Campus Dining first in state to use only cage-free eggs
Apr 15, 2010
At 7:30 a.m. Monday, Grand Valley State University’s Fresh Food Company cracked open its very first cage-free egg. By the fall 2010 semester, GVSU will be the first university in Michigan to use only cage-free eggs in its on-campus dining facilities.
The Humane Society of GVSU had lobbied Campus Dining to make the switch to cage-free eggs since September 2009 and launched a campus-wide petition in February of this year.
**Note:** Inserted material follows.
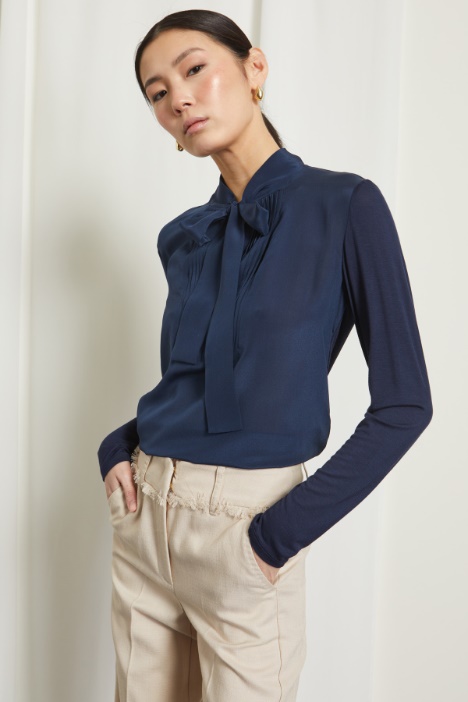 Blusa in jersey e seta Fashion Market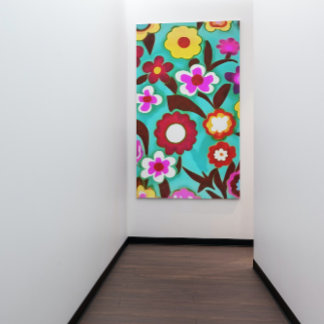 Colourful Groovy Seventies Floral Abstract Poster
Free-range and other cage-free barn systems vary widely in design and state-by-state requirements but generally allow birds to move about more freely than with traditional battery caging systems. Free-range hens live outdoors or have outdoor access, while barn system hens are provided with nest boxes and litter or sand for foraging, dustbathing and scratching.
Marketing manager for Campus Dining Deb Rambadt said dining recently committed to using cage-free eggs following a HSGVSU presentation at a March 30 management meeting.
“The Campus Dining management team looked into local, sustainable resources, cost differences and social concerns,” Rambadt said. “…The group openly discussed the opportunity. The decision to switch to cage-free eggs was made at that time.”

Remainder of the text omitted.